Me gustaría ser sol y calmar tus días (re)llenos de cosas para volverlos silencio sin tiempo ni agujas.
Sería como un derviche girando con los planetas de los pensamientos, ponerte a bailar para (re)ordenarlos. Los llenaría de color, sin necesidad de catalogarlos.
Sería hermoso poder ayudarte; poder entrar en tí y abrir una ventana ante tanta oscuridad o ante tanto polvo. Ante tanta apatía... Sería bello poder buscar en la oscuridad algo que recordaras, para llevártelo a tientas hasta tus manos y colocarlo entre ellas para que puedas palpar y re.conocer. Las sensaciones se ordenarían entonces, tú serías algo más que toda esa tristeza. Sería un poco de sol y de recuerdo... Un poco de viaje hacia ésos planetas.

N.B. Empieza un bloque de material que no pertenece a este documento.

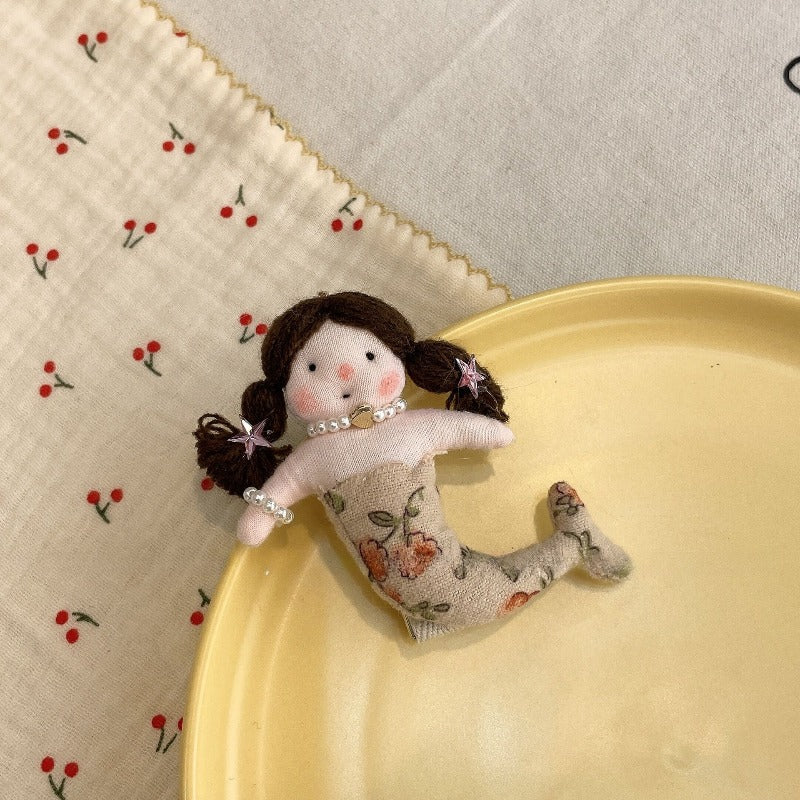 Cute Mermaid Doll Keychain - Modomu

Me gustaría ser el sol para acariciarte y darte calma. Llenarte de fuego y prender todas ésas mentiras, todos ésos miedos, todas tus bastas excusas. Y darte luz inmensa ante todo lo que no ves de ti. Si, ya sé, comprendo que deseo demasiado, que si miro atrás y luego hacia delante, me cuesta reubicar la senda y tardo en encontrarme. Y aunque sienta mi respiración, algún momento he visto que me vuelvo aire más allá de mi boca y ése aire te toca y te dibuja reconociéndote, más allá de lo que ves, de lo que puedes entender, de lo que queremos. Y es distinto a todo lo que entiendas. Es diferente sentir que ser, ser que querer.
Siendo justos la vida llega a ser lo contrario. Y es difícil...y tú eres la semilla, el guerrero, las distancias, el agua a la vez que el fuego. Adelante, personabella*, puedes hacerlo y déjame decirte que me gustaría estar aquí, en alguna parte del lugar donde estoy, para verlo.